Голос ее жалобно задрожал и пресекся.
Годунов растерянно заморгал, потом свистнул пробегавшему мимо мальчишке с лотком, полным пирогов, швырнул ему копейку и взял два пирога с печенкою, какие сам любил пуще всего на свете. Один протянул девушке, другой закусил сам – выехал-то на тощее брюхо, не позавтракавши, – и принялся жевать, почти не чувствуя вкуса, больше наблюдая за Анхен, которая ела жадно и только что не мурлыкала от восторга.
Она расправилась с пирогом, но еще глотала слюнку, и Борис отдал ей недоеденную половину своего.
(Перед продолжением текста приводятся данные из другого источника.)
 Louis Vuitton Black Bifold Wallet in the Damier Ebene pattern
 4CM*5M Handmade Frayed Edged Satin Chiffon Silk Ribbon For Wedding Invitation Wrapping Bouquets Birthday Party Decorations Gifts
Поразило и даже смутило жаркое выражение бесконечной благодарности, сверкнувшее из ее светлых, сейчас затуманенных слезою глаз. Вообще-то он и бродячей собаке не пожалел бы куска, к тому же, на вкус пресыщенного Бориса, уличное печиво было сыровато и недосолено… И тут он вспомнил, как пренебрежительно, почти с отвращением только что отозвалась Анхен о людях, пригревших ее после смерти родителей, спасших от голодной смерти, хотя она была чужого роду-племени и их ничто не обязывало сажать себе на шею лишний рот. Ничто, кроме благодарности ее отцу… но как раз это чувство Анхен, похоже, совершенно незнакомо, так что не стоит обольщаться насчет нескольких слезинок, выкатившихся из ее хорошеньких глазок.
И вдруг Бориса пронзила мысль, от которой он сразу забыл и про неблагодарность Анхен, и вообще про все на свете, даже едва не упал с коня. Как же он сразу не обратил внимания на ее слова?! Она сказала: «За меня небось ихний лютеранский Бог не спросит». Ихний лютеранский Бог… Но ведь Бомелий вчера уверял, что девушка переменила веру и даже пользуется любовью и доверием немецкого пастора!